Renown Dr. Ian Clarke of International Medical Group, Mayor of Makindye Division Kampala and the Chairman of Uganda Healthcare Federation wrote a blog post in regard to last week’s story about cannibalism in Rakai district.
The story was aired on Bukedde TV news at 10pm and appeared in the New vision of Thursday last week page 5 with this headline ‘Six arrested in connection with cannibalism in Rakai’.
According to the story a young couple with their baby, attended a funeral in Rakai District, but were not able to make it back home by nightfall, so they inquired at the village chairman’s house where they could stay. He offered them hospitality in his own home, but then excused himself, saying that he was going to prepare supper.
What the couple did not realize was that he intended them to be on the menu.
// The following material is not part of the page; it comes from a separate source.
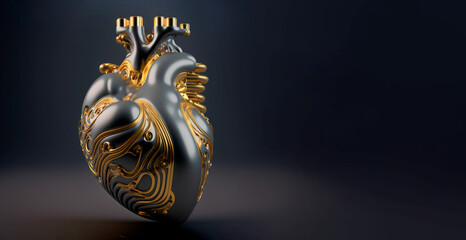 3D minimalistic abstract heart black and gold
The chairman returned with two other men with machetes, who attacked and killed the mother and baby. The man managed to escape with deep cuts to his head and fingers, and hid in the bushes. The next day he contacted the police, but by the time they searched the chairman’s house there were no bodies to be found.
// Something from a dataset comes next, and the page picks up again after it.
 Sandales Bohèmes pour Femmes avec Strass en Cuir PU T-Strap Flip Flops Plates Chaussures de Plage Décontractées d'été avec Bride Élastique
When the chairman was interrogation, he admitted that he, his son, and another friend were habitual cannibals who preyed on strangers who approached them for help. He said there were other three people involved too. He confirmed the killing of the mother and baby, and said they cut up their bodies, sold some of the flesh and ate the rest.
Dr. Ian Clarke wrote and said that “when one checks the history of Uganda there was never a tradition of cannibalism like some other tribes, so surely such a practice raises basic questions about the state of our society today. Are we going backwards or forwards?”
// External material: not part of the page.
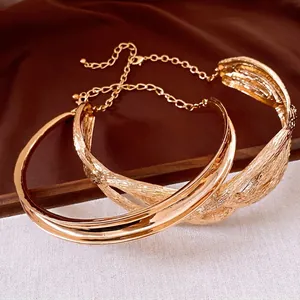 Irregular Metal Wrinkled Wrapped Cross Necklace Minimalist Gold Plated Alloy Choker Chain For Women Fashion Jewelry Necklaces Gift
He says with all that happened that last week where two young women were raped and murdered and the perpetrators have continued to threaten and harass their families, “there are some basic issues we still have to deal with.”
“Parliament has been preoccupied with issues of personal moral behaviour of late. However, any country which has to deal with sociopathic behaviour as basic as cannibalism, rape, defilement, murder and child sacrifice has a level of ‘moral’ problems which run very deep. The reasons for such behaviour are rooted in ignorance, superstition, greed, and poverty.”
He say that several hundred years ago Europe had similar issues, “and it was education and ‘enlightenment’, percolating downwards throughout societies from the church and government, which resulted in change. Moral depravity, manifested by such atrocious acts, occurs when a society has eroded its values to the extent that practically anything goes, and one can get away with it. I do not believe that Uganda has reached the lowest level, but the fact that we have had a spate of these killings recently gives us cause to consider where we are headed.”
He asks these questions,
“What is the level of ignorance in the villages that cannibalism can still be practiced?
What is the level of personal and social conscience that innocent girls can be raped and murdered and their bodies casually dumped?
What is the level of law and order for the society as a whole, and the efficiency of the police, to deter sociopathic behaviour?
What issues are the leadership of our society concentrating on?
Are we so preoccupied with ‘political issues’ that they are taking up all our time and attention, when there are such basic problems still going on? What about the extremely high number of defilements, what attention are we giving to this issue, and how are we stopping it?
Or is Nero fiddling while Rome burns?